President Bush didn’t waste any time in finding a successor for John Ashcroft as the next attorney general. On Wednesday the president nominated Alberto R. Gonzales, White House counsel and longtime Bush friend, for the position. If confirmed, Gonzales would be the first Hispanic to serve in that post. Senate Republicans embraced the nomination, but Senate Democrats expressed concerns about Gonzales’s stances on civil liberties, the USA Patriot Act and the death penalty.

For more details, read the full article in The New York Times.

D.C. and N.Y. No Change Their Colors

The Department of Homeland Security lowered the threat level Wednesday for sensitive areas of New York City, Washington D.C. and parts of New Jersey.
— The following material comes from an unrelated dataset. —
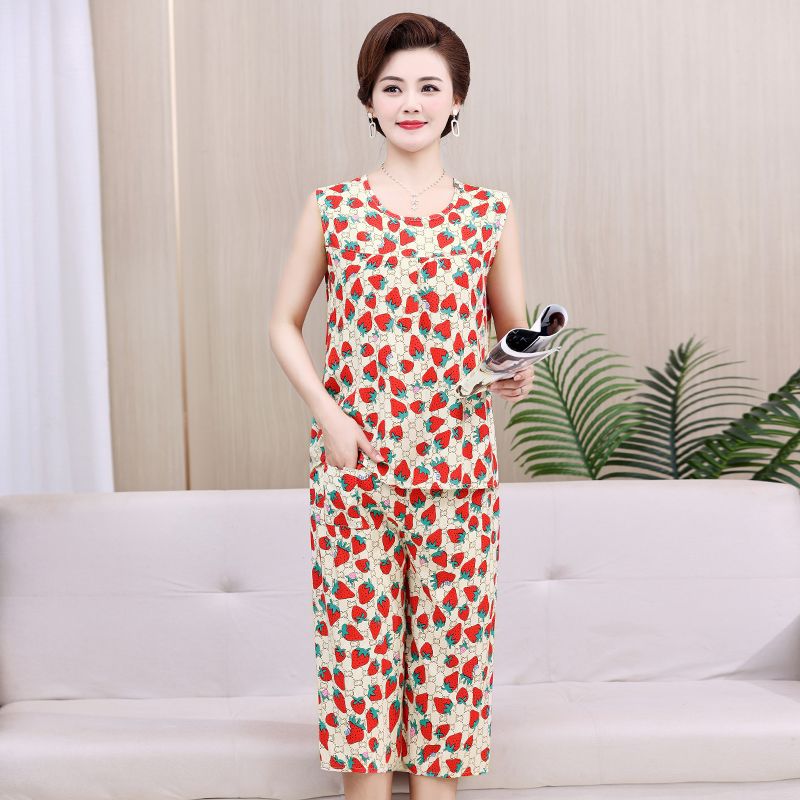 Middle-aged and elderly mother summer sleeveless cotton silk pajamas set summer grandma loose artificial cotton two-piece old woman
James M. Loy, deputy secretary of homeland security, said the threat levels of the five financial institutions in these areas was lowered from orange (high risk) to yellow (elevated) because of security precautions taken during the last three months and tighter security measures in the financial sector overall. Loy said, “I don’t like the idea of a beginning and an end. We’re as concerned today as we wre a month ago. The whole notion of taking a deep breath and saying ‘Wow, we made it thorugh that’ is a dangerous train of thought.”

For more details, read the full article in the Washington Post.

No Easy Answer to Spam Problem

Canning spam will take more than e-mail authentication, according to panelists at a forum sponsored by the Federal Trade Commission. The Washington Post reports that e-mail authentication, a technique thought to be a cure for the spam epidemic, will not fully solve the problem because many spams are sent by infected PCs controlled by remote spammers. Some 30,000 computers a day were turned into these “zombies,” according to Symantec. None of the panelists, however, recommended abandoning e-mail authentication.